Ensuring your site is fully crawlable can help you earn more revenue from your content. In order to make sure you have optimized your site for crawling, consider all of the following issues that might affect how crawlable you are. For more information, learn about the Ad Exchange crawler.
Granting Google’s crawlers access in robots.txt
To ensure we can crawl your sites you want to make sure you’ve given access to Google’s crawlers. This means enabling Google’s crawlers in your robots.txt.
Providing access to any content behind a login
If you have content behind a login, ensure you’ve setup a crawler login. If you have not provided our crawlers a login, then it’s possible that our crawlers are being redirected to a login page, which could result in a “No Content” policy violation, or, that our crawlers receive a 401 (Unauthorized) or 407 (Proxy Authentication Required) error, and thus cannot crawl the content.
Page Not Found
If the URL sent to Google points to a page that does not exist (or no longer exists) on a site, or results in a 404 error ("Not Found"), Google's crawlers will not successfully crawl any content.
If you are overriding the page URL in ad tags, Google’s crawlers may not be able to fetch the content of the page that is requesting an ad, especially if the overwritten page URL is malformed. Generally speaking, the page URL you send to Google in your ad request should match the actual URL of the page you are monetizing, to ensure the right contextual information is being acted on by Google.
If the nameservers for your domain or subdomain are not properly directing our crawlers to your content, or have any restrictions on where requests can come from, then our crawlers may not be able to find your content.
If your site has redirects, there is a risk that our crawler could have issues following through them. For example if there are many redirects, and intermediate redirects fail, or if important parameters such as cookies get dropped during redirection, it could decrease the quality of crawling. Consider minimizing the use of redirects on pages with ad code, and ensuring they are implemented properly.
Sometimes when Google’s crawlers try to access site content, the website’s servers are unable to respond in time. This can happen because the servers are down, slow or get overloaded by requests. We recommend ensuring your site is being hosted on a reliable server or by a reliable service provider.
Geographical, network or IP restrictions
Some sites may put in place restrictions that limit the geographies or IP ranges that can access their content, or having their content behind restricted networks or IP ranges (e.g. 127.0.0.1). If these restrictions prevent Google’s crawlers from reaching all your pages please consider removing these restrictions, or making your content publicly accessible, to enable your URLs to be crawled.
Freshly published content
When you publish a new page, you may make ad requests before Google’s crawlers have gotten a chance to crawl the content. Examples of sites that post lots of new content include sites with user generated content, news articles, large product inventories, or weather sites. Usually after the ad request is made on a new URL, the content will get crawled within a few minutes. However, during these initial few minutes, because your content has not yet been crawled, you may experience low ad volume.

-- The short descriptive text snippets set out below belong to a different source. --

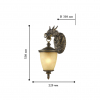 Уличный настенный фонарь Дракон 1716-1W Dragon Favourite (2)
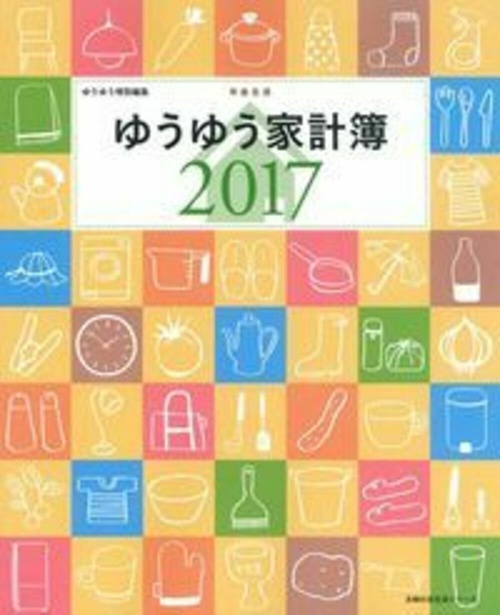 年金生活　ゆうゆう家計簿　２０１７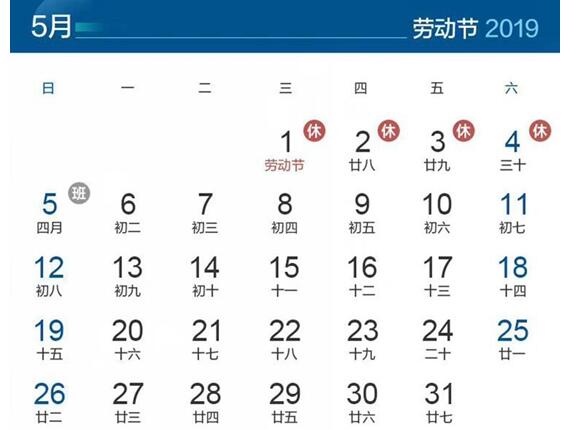 五一放假4天助力出游 机酒预订大幅升温
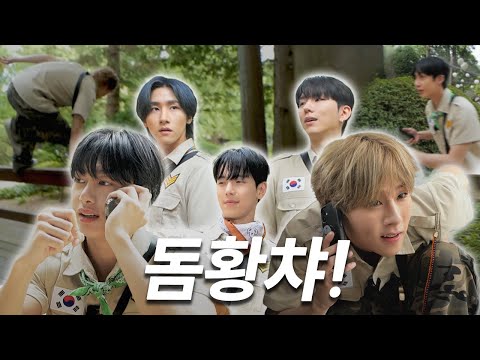 [몬 먹어도 고] EP.20 몬디아나 존스 part.2 (‘MON’diana Jones)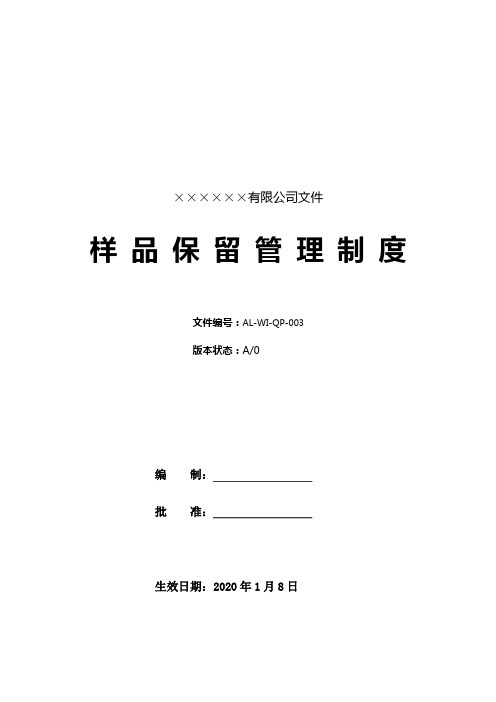 AL-WI-QP-003样品保留管理制度
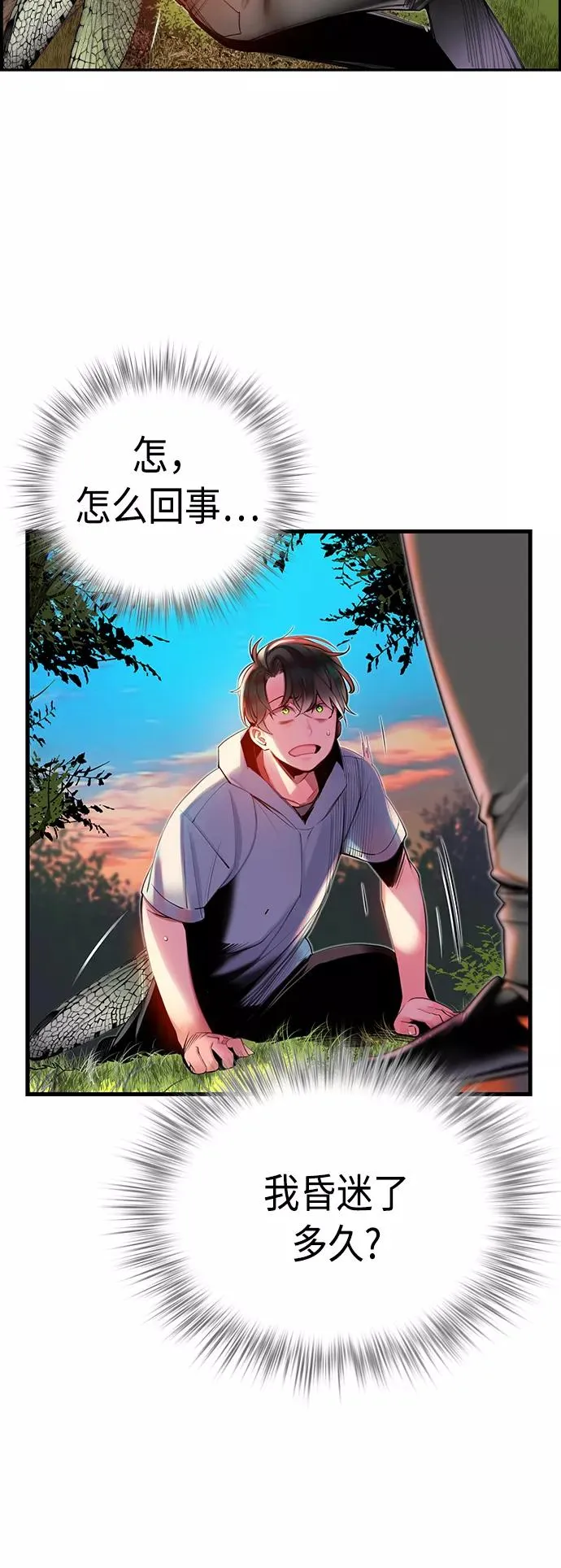 第5话 第30页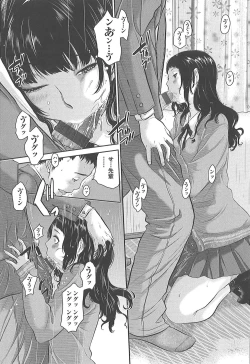 Page 190 of Seifuku Shijou Shugi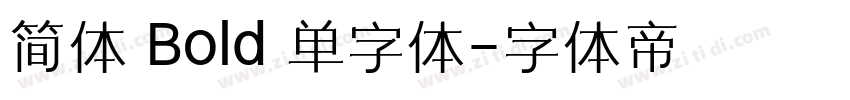 简体 Bold 单字体字体转换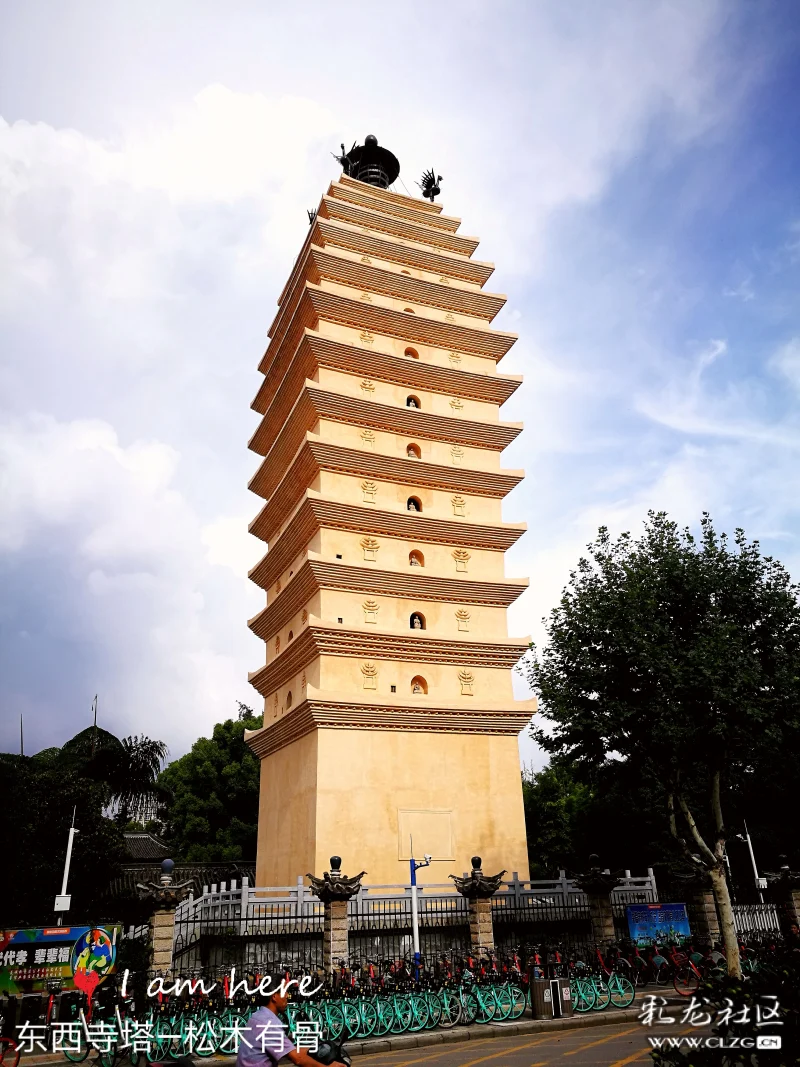 已有1100年的东寺塔与西寺塔位于昆明市书林街,都是南诏国时期的古塔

(using URL parameters or dynamically generated URL paths)
Some websites include extra parameters in their URLs that indicate the user who is logged in (e.g. a SessionID), or other information that may be unique to each visit. When this happens, Google’s crawlers may treat the URL as a new page, even if the content is the same. This could result in a few minute lag time between the first ad request on the page and when the page gets crawled, as well as an increase in the crawler load on your servers. Generally, if the content on a page does not change, consider removing the parameters from the URL and persisting that information another way. Having a simpler URL structure helps make your site easily crawlable.
Using POST data
If your site sends POST data along with urls (for example passing form data via a POST request), it's possible that your site is rejecting requests that are not accompanied by POST data. Note that since Google’s crawlers will not provide any POST data, such a setup would prevent the crawlers from accessing your page. If the page content is determined by the data the user inputs to the form, consider using a GET request.